Vi è stata una sola telefonata fatta in due mesi e hanno detto di non essere trattati male, forse per non far preoccupare troppo le famiglie.
Ma è arrivata una foto di cinque di loro. Zoomando si sono notati segni violenti.
Graffi, tagli, segni di catene sui corpi.
Di Maio tace e dorme. E allora le famiglie hanno piantato le tende a Roma, davanti a Palazzo Chigi, in segno di pacifica protesta.
Il premier Conte le ha incontrate, lì e ha rassicurato tutti, ma non le ha nemmeno volute ricevere nei suoi uffici a Palazzo Chigi.
Possibile? Certo che è possibile.
Le famiglie dei sequestrati non si arrendono. Sabato hanno condotto una “marcia per la libertà” da Albano laziale a Montecitorio.
Trenta chilometri per scandire le loro ragioni: Da 55 giorni non hanno alcun dato certo di come stiano i pescatori, le risposte arrivano sempre uguali, dal primo giorno assicurano che stanno bene, che sono trattati bene, che mangiano, che hanno ricevuto i farmaci di cui qualcuno di loro ha bisogno, ma non esiste una prova certa delle loro buone condizioni.

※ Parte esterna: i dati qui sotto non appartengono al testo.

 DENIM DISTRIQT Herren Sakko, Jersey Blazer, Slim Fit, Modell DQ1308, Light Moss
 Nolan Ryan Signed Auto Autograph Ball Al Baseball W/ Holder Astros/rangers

Da 35 giorni le mogli e le figlie dei nostri connazionali presi da Haftar dormono ogni notte davanti al Parlamento.
Tra loro una signora di 74 anni, le figlie 20enni di due marittimi, diversi bambini.
Non è mai sceso nessuno a dare conforto, a proporre una sistemazione, a dire di non stare al freddo, a digiuno, a rassicurare con risposte più concrete, dirette. A dare una parola di conforto.

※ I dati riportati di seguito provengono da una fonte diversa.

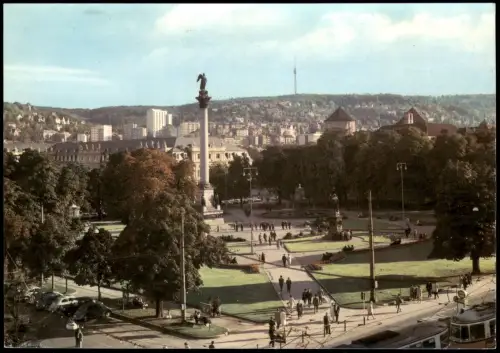 Ansichtskarte Stuttgart Schloßplatz aus der Vogelschau 1965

Dietro le quinte, un contributo concreto alle famiglie accampate lo avrebbero dato alcune parlamentari, come le siciliane Bartolozzi, Prestigiacomo e Siracusano.
E in aula Forza Italia ha interpellato il ministro degli Esteri con un question time.
«Il nostro caro ministro – dice l’armatore di una delle due navi, Marco Marrone – non si è preoccupato mai una volta di passare da noi e dire di andare via, a proporci un contatto diretto.
Ci sarebbe bastato anche questo, ma non c’è stato, e noi continueremo finché non verranno rilasciati i nostri pescatori».
La Farnesina assicura: le notizie sono confortanti, le trattative richiedono discrezione.
Ma aver tagliato i contatti con i familiari appare atipico, nella storia della gestione delle crisi da sequestro in Libia.
Haftar e Serraj hanno firmato venerdì a Ginevra uno storico accordo per il cessate il fuoco permanente, accolto con ottimismo dalle cancellerie europee che hanno seguito, con le Nazioni Unite, il negoziato.
Haftar se vuole dare seguito vero al cessate il fuoco, deve interrompere le ostilità anche verso i pescatori italiani.